Détection des OGM : coûteuse et imparfaite !

Le législateur européen n’autorise qu’au compte-gouttes les variétés

transgéniques (certaines d’ailleurs seulement autorisées à l’importation

mais pas à la culture en Europe) pour lesquelles il définit, de plus, des

règles strictes d’étiquetage (1). Mais cet arsenal législatif est aujourd’

hui difficilement applicable : on ne dispose en effet d’aucune méthode

normalisée de détection des OGM, d’où des discordances possibles de

résultats entre laboratoires ! Dès lors, comment contrôler efficacement l’

entrée en Europe d’OGM non autorisés ? Comment détecter des OGM dans les

produits alimentaires ? Pourquoi imposer des seuils de « présence fortuite »

au consommateur ?

Différents comités d’experts se penchent sur la question. En France, une

commission de l’AFNOR, présidée par Yves Bertheau de l’INRA (et intégrée par

des acteurs de la filière, dont les associations de consommateurs.), devrait

publier à l’automne 2000 un texte de référence.

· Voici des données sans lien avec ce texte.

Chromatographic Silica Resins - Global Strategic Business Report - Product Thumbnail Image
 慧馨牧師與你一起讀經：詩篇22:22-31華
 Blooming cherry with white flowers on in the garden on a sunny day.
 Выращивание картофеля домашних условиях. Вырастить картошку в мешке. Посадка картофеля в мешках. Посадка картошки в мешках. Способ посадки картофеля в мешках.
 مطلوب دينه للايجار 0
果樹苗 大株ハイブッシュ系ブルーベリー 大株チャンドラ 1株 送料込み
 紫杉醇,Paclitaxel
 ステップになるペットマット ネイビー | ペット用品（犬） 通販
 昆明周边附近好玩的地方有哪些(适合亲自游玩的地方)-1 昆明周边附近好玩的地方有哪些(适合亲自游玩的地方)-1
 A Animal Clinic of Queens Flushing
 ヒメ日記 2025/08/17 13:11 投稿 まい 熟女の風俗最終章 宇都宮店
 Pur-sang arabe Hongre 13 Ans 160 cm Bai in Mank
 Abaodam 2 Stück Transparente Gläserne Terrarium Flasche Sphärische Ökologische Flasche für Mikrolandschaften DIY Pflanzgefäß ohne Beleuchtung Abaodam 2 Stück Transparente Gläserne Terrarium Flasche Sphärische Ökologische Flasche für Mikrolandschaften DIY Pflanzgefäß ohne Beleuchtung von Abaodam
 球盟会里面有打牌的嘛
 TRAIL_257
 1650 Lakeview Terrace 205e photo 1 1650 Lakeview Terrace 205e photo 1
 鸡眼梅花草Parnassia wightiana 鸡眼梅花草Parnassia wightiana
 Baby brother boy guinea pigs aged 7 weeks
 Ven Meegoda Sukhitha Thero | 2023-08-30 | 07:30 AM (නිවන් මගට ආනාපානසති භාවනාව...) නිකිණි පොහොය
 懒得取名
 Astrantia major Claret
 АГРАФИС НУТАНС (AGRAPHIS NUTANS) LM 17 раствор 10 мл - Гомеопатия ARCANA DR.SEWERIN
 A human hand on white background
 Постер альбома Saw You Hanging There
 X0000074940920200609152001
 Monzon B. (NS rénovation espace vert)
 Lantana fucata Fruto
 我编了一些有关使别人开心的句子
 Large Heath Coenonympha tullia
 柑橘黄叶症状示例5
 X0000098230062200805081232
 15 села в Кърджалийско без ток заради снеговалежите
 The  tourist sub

« Nous ne sommes pas en mesure de détecter des OGM dont nous ne connaissons

pas les modifications génétiques » souligne Emmanuel Gachet du laboratoire

privé d’analyses Eurofins Scientific à Nantes. En effet, « le problème de

fond actuel pour les laboratoires impliqués dans la détection d’OGM est la

difficulté d’avoir accès aux informations (constructions des transgènes) et

aux matériels (sondes, amorces spécifiques, standards OGM et non-OGM…)

nécessaires, y compris pour les OGM autorisés en Europe » confirme David

Zhang du GEVES. Est-ce à dire qu’aujourd’hui n’importe quel OGM entre en

Europe sans contrôle ?

On ne trouve que ce que l’on cherche

Pas tout à fait, on l’a vu récemment avec l’affaire des colza, maïs et soja

contaminés en France. Mais pour ces quelques lots détectés, combien d’autres

contiennent des OGM à l’insu du producteur ? Et combien de produits

alimentaires contenant des OGM échappent à l’étiquetage malgré la

législation européenne en vigueur ?

Certes, plaide Yves Bertheau, « l’Etat ne peut pas mettre un gendarme ou un

contrôleur derrière chaque fabricant ou chaque importateur ». Mais la

fréquence et l’ampleur des contrôles sont-elles suffisantes ? En septembre

1999, les analyses scientifiques réalisées par la DGCCRF faisaient

apparaître que sur 62 prélèvements, 12 échantillons contenaient des OGM. Or

dix de ces 12 denrées ne comportaient aucune indication à ce sujet sur leur

étiquette. Un produit revendiquait même à tort l’absence d’OGM et un seul

produit mentionnait la présence d’OGM. Depuis, la situation ne semble guère

avoir évolué !

Comme dans bien d’autres aspects concernant les OGM (impacts sur la santé,

sur l’environnement, responsabilités des producteurs, implications

économiques, éthiques.) les textes de loi et les réglementations ont été

édictées avant que les moyens techniques permettant de les appliquer ne

soient opérationnels !

« La commission AFNOR V03E a travaillé au pas de charge pour fournir un

document qui participe à la réduction des discordances de résultats entre

laboratoires » plaide encore Yves Bertheau. « Si la prochaine réunion AFNOR

en septembre entérine le texte travaillé ces derniers mois, un document

général, en cours de finition, devrait être publié à l’automne ».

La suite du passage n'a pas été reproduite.